Entries taken from a collection
------
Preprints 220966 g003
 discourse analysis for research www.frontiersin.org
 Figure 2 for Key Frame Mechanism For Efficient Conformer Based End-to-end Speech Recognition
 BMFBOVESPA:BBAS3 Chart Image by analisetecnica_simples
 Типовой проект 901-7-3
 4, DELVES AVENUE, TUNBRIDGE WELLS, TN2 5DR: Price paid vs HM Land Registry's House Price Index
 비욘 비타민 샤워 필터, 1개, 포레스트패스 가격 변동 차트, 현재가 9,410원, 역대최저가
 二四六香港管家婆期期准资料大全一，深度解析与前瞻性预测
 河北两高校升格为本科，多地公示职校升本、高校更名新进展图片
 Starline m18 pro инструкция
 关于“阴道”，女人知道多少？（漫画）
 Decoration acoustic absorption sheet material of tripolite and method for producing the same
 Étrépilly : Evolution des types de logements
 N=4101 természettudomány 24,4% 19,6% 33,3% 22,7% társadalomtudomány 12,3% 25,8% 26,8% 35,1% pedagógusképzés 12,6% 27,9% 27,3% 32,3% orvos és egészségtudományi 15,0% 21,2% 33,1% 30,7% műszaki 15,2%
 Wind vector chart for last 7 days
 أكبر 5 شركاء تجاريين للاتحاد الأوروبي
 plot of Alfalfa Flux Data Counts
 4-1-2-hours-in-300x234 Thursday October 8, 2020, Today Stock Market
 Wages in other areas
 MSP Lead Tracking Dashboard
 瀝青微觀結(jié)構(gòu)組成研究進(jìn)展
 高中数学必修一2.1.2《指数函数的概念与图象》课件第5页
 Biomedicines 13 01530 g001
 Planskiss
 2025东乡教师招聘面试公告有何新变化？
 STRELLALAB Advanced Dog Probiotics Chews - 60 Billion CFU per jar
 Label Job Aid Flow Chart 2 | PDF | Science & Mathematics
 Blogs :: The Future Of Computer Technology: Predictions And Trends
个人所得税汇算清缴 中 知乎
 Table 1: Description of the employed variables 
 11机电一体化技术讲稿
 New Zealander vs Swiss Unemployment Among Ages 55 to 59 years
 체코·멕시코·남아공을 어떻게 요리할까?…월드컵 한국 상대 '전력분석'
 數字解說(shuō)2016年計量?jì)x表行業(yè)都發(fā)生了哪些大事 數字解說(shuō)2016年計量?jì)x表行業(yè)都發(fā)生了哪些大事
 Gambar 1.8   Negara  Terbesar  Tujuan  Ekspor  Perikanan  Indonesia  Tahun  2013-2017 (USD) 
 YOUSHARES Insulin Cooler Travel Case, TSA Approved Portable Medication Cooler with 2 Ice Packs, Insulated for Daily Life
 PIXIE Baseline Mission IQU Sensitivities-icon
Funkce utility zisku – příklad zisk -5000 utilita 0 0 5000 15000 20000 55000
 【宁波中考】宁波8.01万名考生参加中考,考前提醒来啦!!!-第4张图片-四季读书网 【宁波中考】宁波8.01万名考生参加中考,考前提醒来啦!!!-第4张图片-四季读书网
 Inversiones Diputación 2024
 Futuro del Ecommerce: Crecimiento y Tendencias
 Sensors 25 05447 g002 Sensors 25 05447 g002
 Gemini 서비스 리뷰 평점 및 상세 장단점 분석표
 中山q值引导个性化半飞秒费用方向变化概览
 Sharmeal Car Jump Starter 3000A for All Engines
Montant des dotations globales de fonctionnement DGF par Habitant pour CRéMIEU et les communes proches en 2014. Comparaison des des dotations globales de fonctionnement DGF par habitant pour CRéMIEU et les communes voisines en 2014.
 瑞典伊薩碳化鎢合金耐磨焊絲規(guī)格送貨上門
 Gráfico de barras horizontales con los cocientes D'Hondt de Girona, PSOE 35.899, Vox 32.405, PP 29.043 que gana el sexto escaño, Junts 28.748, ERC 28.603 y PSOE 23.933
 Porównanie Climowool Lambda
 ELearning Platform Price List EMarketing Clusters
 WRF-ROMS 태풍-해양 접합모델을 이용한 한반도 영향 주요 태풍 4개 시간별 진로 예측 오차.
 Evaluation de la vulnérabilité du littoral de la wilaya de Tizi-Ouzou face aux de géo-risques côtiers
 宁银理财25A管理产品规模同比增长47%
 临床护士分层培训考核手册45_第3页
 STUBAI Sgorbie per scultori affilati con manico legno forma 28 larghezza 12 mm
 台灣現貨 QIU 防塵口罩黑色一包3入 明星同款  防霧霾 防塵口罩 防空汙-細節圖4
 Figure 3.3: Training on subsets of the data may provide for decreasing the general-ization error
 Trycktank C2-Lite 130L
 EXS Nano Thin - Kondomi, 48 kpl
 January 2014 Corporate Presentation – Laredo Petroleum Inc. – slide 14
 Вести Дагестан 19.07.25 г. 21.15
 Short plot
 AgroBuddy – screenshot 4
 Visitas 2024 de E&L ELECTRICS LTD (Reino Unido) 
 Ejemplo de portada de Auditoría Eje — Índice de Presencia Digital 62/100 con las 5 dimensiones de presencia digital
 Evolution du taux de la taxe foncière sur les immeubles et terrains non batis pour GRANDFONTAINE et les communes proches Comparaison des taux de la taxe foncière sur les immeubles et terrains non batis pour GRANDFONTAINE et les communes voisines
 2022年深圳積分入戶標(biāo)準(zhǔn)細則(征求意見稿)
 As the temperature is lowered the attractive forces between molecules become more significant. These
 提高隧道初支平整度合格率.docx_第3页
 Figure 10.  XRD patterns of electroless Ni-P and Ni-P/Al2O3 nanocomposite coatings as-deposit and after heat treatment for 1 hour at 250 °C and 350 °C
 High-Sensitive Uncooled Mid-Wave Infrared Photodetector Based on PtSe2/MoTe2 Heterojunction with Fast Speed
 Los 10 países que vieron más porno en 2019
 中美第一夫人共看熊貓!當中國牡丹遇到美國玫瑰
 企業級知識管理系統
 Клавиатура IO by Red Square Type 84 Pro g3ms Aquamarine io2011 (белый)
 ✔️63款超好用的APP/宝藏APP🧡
------
What you are asked to do
Only a number is expected here: how many lines above contain the word "with".

Result for this task
2